Reputation: 6764
When I use ANSI characters it works as expected:
>>> import re
>>> r = ur'(\w+)\s+(\w+)\s+(\w+)\?'
>>> s = 'what is it?'
>>> re.sub(r, ur'\1<br>\2<br>\3<br>', s, re.UNICODE)
u'what<br>is<br>it<br>'
But when I change the string s
to a similar one but contains of unicode characters - it doesn't work as I want:
>>> s = u'что это есть?'
>>> re.sub(r, ur'\1<br>\2<br>\3<br>', s, re.UNICODE)

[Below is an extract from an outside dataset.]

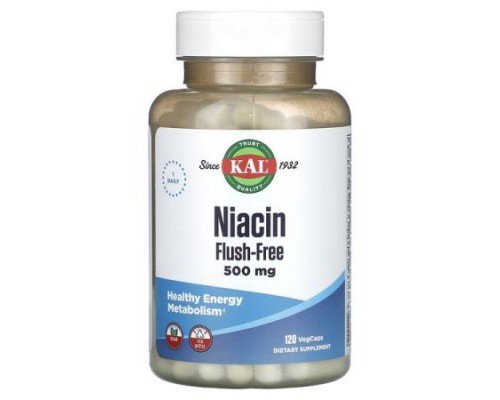 KAL, Niacin, Flush-Free, 500 mg, 120 VegCaps
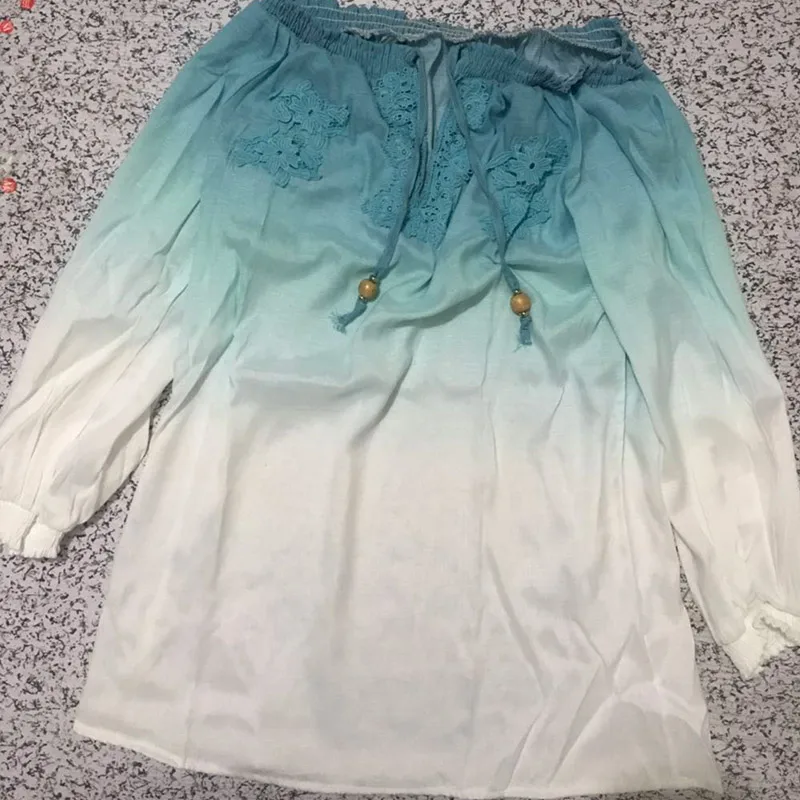 Plus Size 5XL 4XL Lace up Slash Collar Women Shirts 2019 Summer Sexy Long Sleeve Boho Loose Elastic Beach Lady Top Blouses Shirt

u'\u0427\u0442\u043e \u044d\u0442\u043e \u0435\u0441\u0442\u044c?'
It looks strange (the string stays unchanged) because I use re.UNICODE
in the both cases... However re.match
successfully matches the groups with a UNICODE
flag:
>>> m = re.match(r, s, re.UNICODE)
>>> m.group(1)
u'\u0447\u0442\u043e'
>>> m.group(2)
u'\u044d\u0442\u043e'
>>> m.group(3)
u'\u0435\u0441\u0442\u044c'
Upvotes: 2
Views: 73
Reputation: 381
You have to specify re.UNICODE
as flags
parameter
re.sub(r, ur'\1<br>\2<br>\3<br>', s, flags = re.UNICODE)
Otherwise Python correctly assumes that the 4th parameter is count
, as specified in the re documenation.
Full Example:
#!/usr/bin/env python
# -*- coding: utf-8 -*-
import re
r = ur'(\w+)\s+(\w+)\s+(\w+)\?'
#s = 'what is it?'
s = u'что это есть?'
print re.sub(r, ur'\1<br>\2<br>\3<br>', s, flags = re.UNICODE).encode('utf-8')
Upvotes: 3